In order to solve this, you need to solve the linear equation $(X X^T)w = XY$ which can be done by one of a large number of algorithms, starting with Gaussian elimination, which you’ve probably learned in your undergrad studies, or the conjugate gradient algorithm, or by first computing a Cholesky decomposition. All of these algorithms have in common that they are iterative. They go through a number of operations, for example $O(d^3)$ for the Gaussian elimination case. They also need to store intermediate results. Gaussian elimination and Cholesky decomposition have rather elementary operations acting on individual entries, while the conjugate gradient algorithm performs a matrix-vector multiplication in each iteration.

Most importantly, these algorithms can only be expressed very badly in SQL! It’s certainly not impossible, but you’d need to store your data in much different ways than you would in idiomatic database usage.

So it’s not about whether or not your framework can support iterative algorithms without significant latency, it’s about understanding that joins, group bys, and count() won’t get you far, but you need scalar products, matrix-vector and matrix-matrix multiplications. You don’t need indices for most ML algorithms, maybe except for being able to quickly find the k-nearest neighbors, because most algorithms tend to either take in the whole data set in each iteration or otherwise stream the whole set by some model which is iteratively updated like in stochastic gradient descent. I’m not sure project like Spark or Stratosphere have fully grasped the significance of this yet.

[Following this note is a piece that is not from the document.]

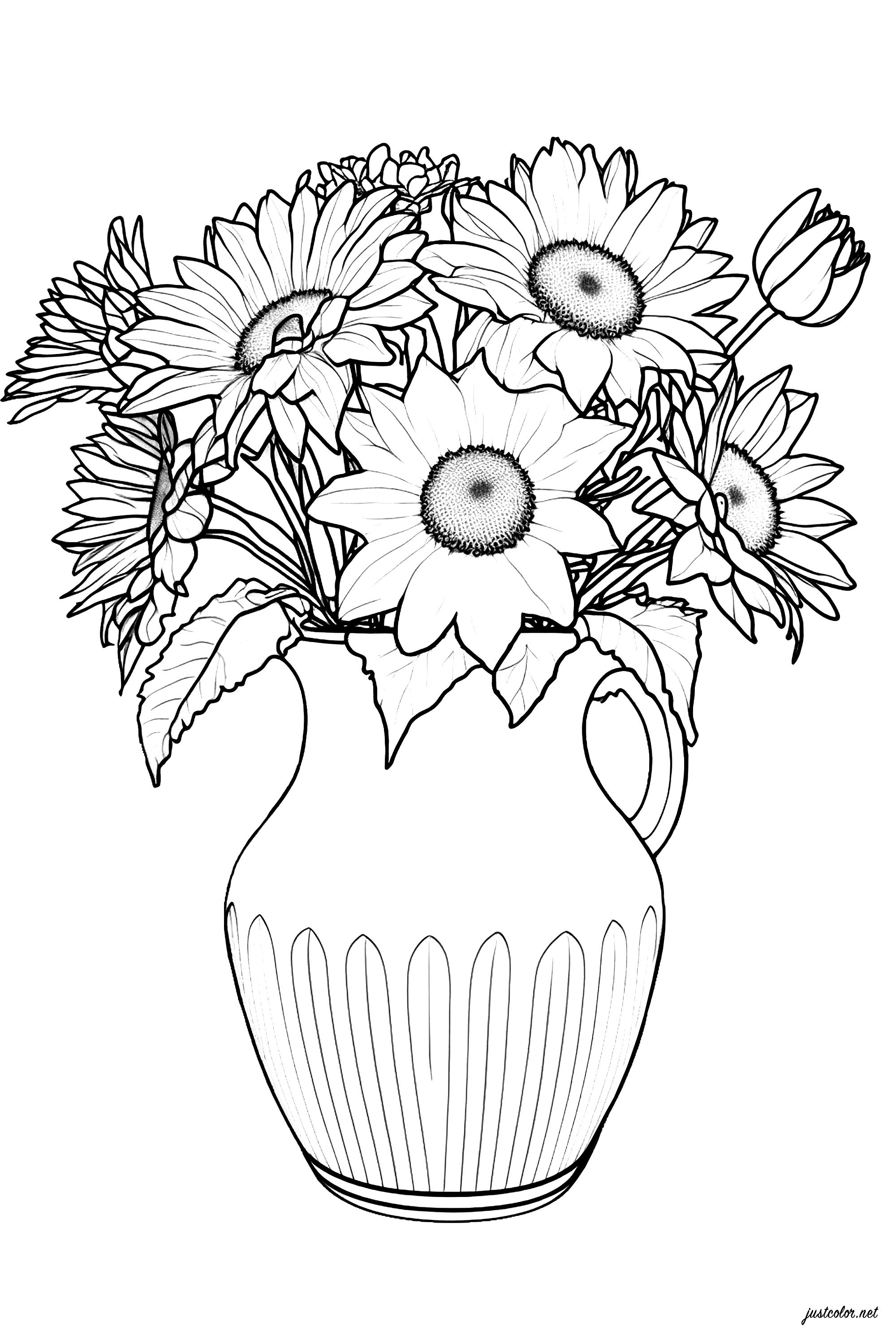 Belles fleurs dans un vase. Un coloriage absolument magnifique représentant un vase de forme classique, rempli de fleurs... à colorier de couleurs vives et variées.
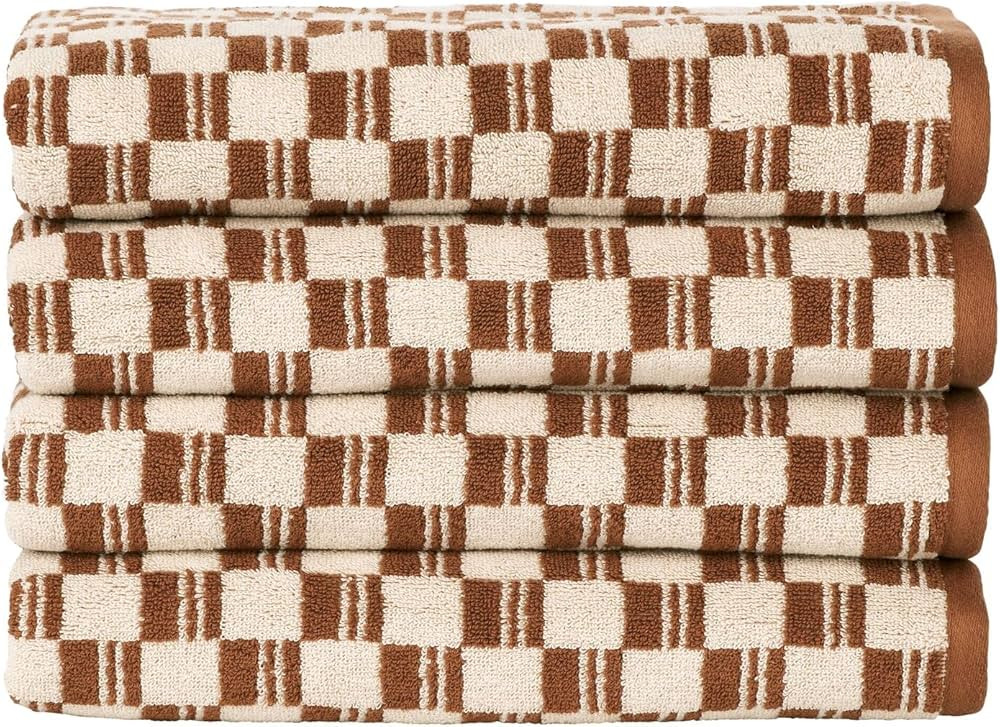 Nate Home mDesign by Nate Berkus 100% Cotton Jacquard 4-Piece Bath Towel Set | Soft and Absorbent... | Amazon (US)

Database infrastructure-inspired Big Data has it’s place when it comes to extracting and preprocessing data, but eventually, you move from database land to machine learning land, which invariably means linear algebra land (or probability theory land, which often also reduces to linear algebra like computations). What often happens today is that you either painstakingly have to break down your linear algebra into MapReduce jobs, or you actively look for algorithms which fit the database view better.

I think we’re still at the beginning of what is possible. Or to be a bit more aggressive, claims that existing (infrastructure, database, parallelism inspired) frameworks provide you with sophistic data analytics are widely exaggerated. They take care of a very important problem by giving you a reliable infrastructure to scale your data analysis code, but there’s still a lot of work that needs to be done on your side. High-level DSLs like Apache Hive or Pig are a first step in this direction but still too much rooted in the database world IMHO.

In summary, one should be aware of the difference between a framework which mostly is concerned with scaling, and a tool which actually provides some piece of data analysis. And even if it comes with basic database-like analytics mechanisms, there is still a long way to go to do some serious data science.

That’s why we’re also thinking that streamdrill occupies an interesting spot, because it is a bit of infrastructure, allowing you to process a serious amount of event data, but it’s also provides valuable analysis, based on algorithms you wouldn’t want to implement yourself, even if you had some Big Data framework like Hadoop at hand. That’s an interesting direction I also would like to see more of in the future.

Note: Just saw that Spark has a logistic regression example on their landing page. Well, doing matrix operations explicitly via map() on collections doesn’t count in my view ;)